**Task instructions**.
Copy out the data below as written; omit any images.

■ ■ ■ ■ ■

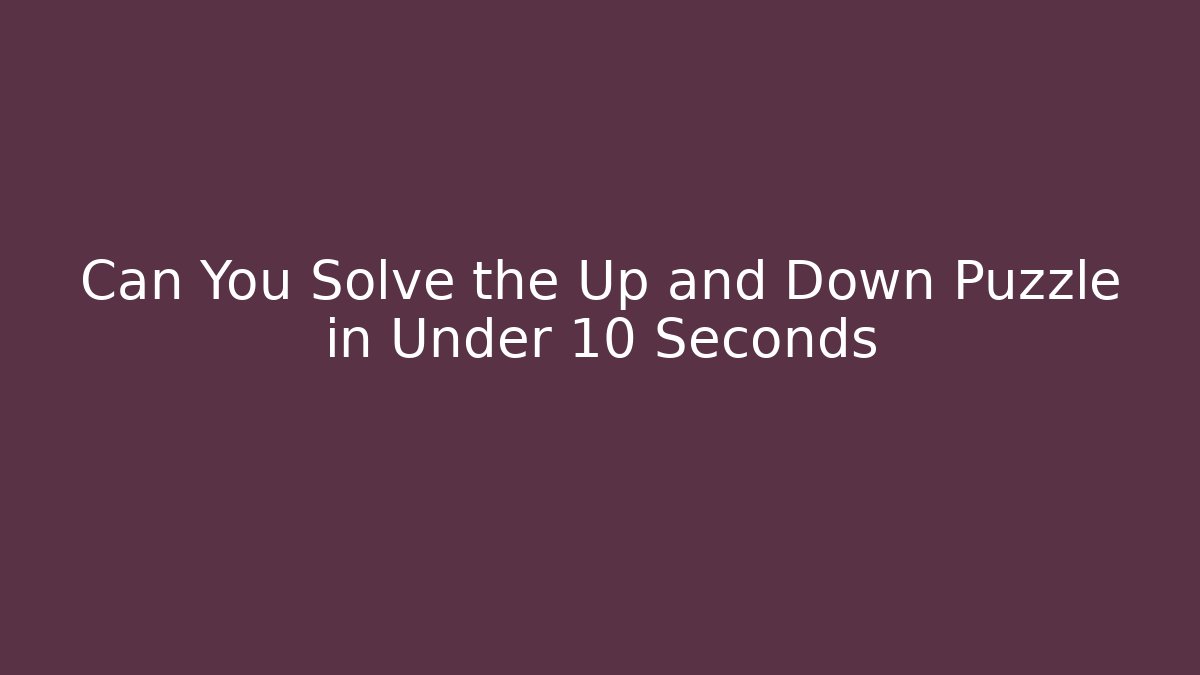 Can You Solve the Up and Down Puzzle in Under 10 Seconds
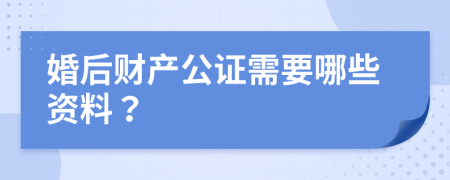 婚后财产公证需要哪些资料？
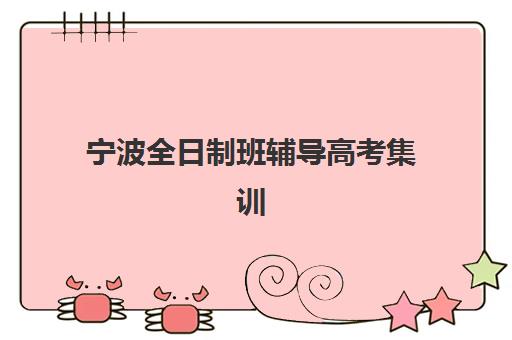 宁波全日制班辅导高考集训营排名一览表最新如何查询？2025年十大机构权威对比、择校技巧与费用全解析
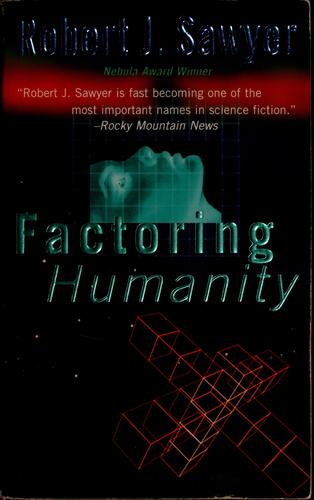 Factoring humanity (1999, Tor)
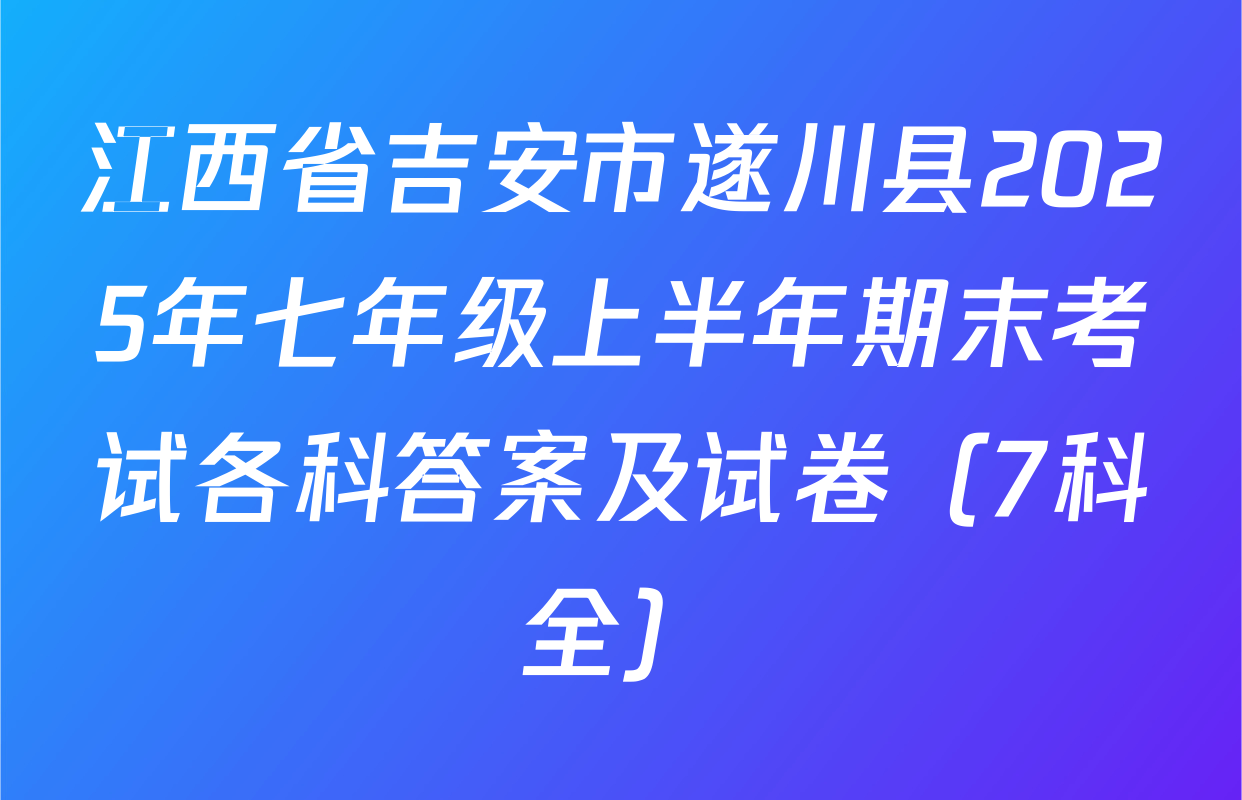 江西省吉安市遂川县2025年七年级上半年期末考试各科答案及试卷（7科全）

■ ■ ■ ■ ■

**Result of the exercise**.
 Can You Solve the Up and Down Puzzle in Under 10 Seconds
 婚后财产公证需要哪些资料？
 宁波全日制班辅导高考集训营排名一览表最新如何查询？2025年十大机构权威对比、择校技巧与费用全解析
 Factoring humanity (1999, Tor)
 江西省吉安市遂川县2025年七年级上半年期末考试各科答案及试卷（7科全）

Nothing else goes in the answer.